Problem details>
In the entries below, find the line with "Light 300ml HK" and the line with "Hyatt House Leeds Pastries Landscape"; copy them and every line between them exactly, but not the pictures.

Available data>
───

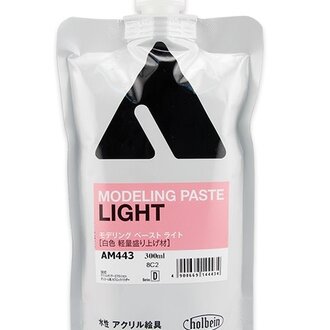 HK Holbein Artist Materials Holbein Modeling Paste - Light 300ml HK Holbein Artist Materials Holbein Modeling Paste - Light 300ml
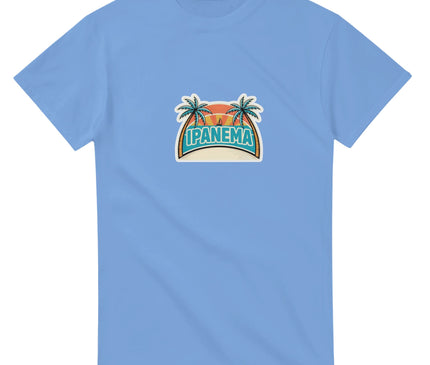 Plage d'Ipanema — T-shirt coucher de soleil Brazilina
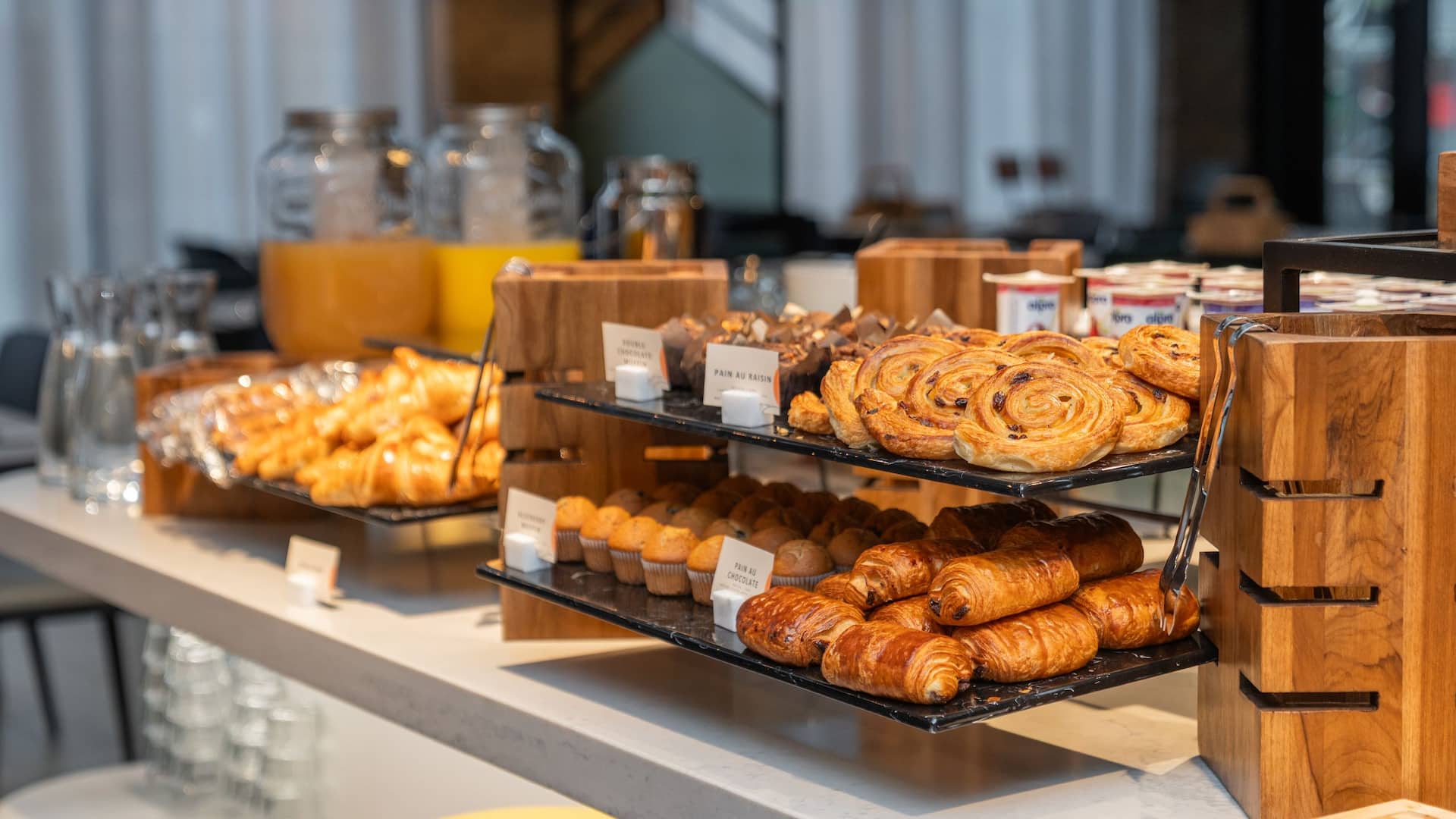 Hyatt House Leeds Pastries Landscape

───

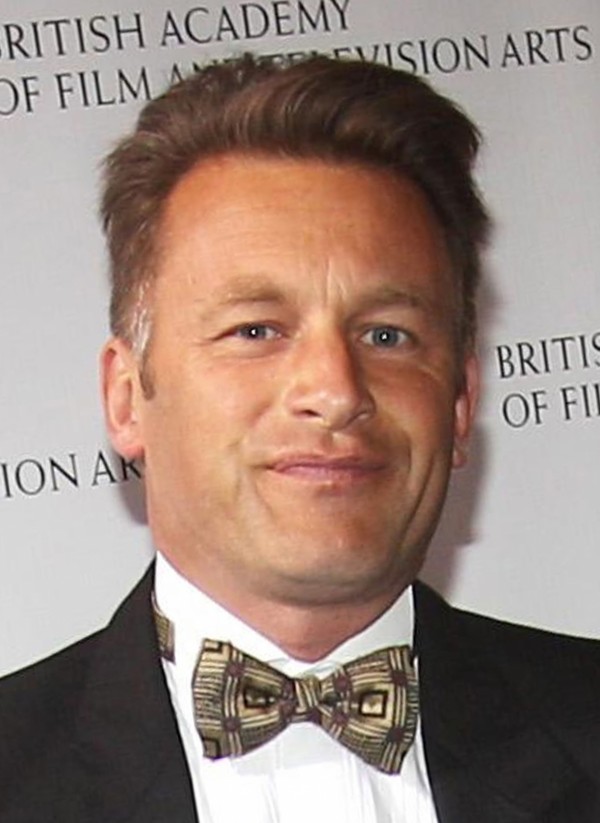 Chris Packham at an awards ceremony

───

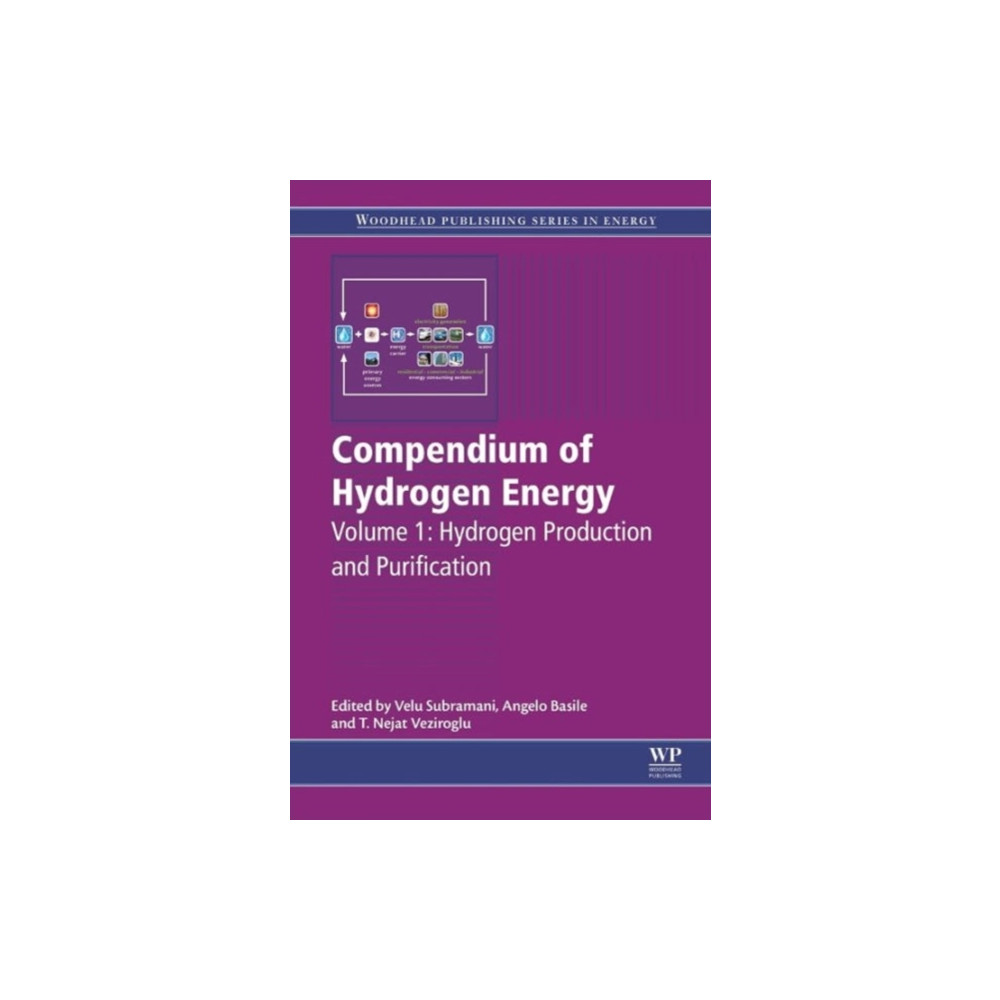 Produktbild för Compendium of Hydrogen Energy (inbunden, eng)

───

Written answer>
 HK Holbein Artist Materials Holbein Modeling Paste - Light 300ml HK Holbein Artist Materials Holbein Modeling Paste - Light 300ml
 Plage d'Ipanema — T-shirt coucher de soleil Brazilina
 Hyatt House Leeds Pastries Landscape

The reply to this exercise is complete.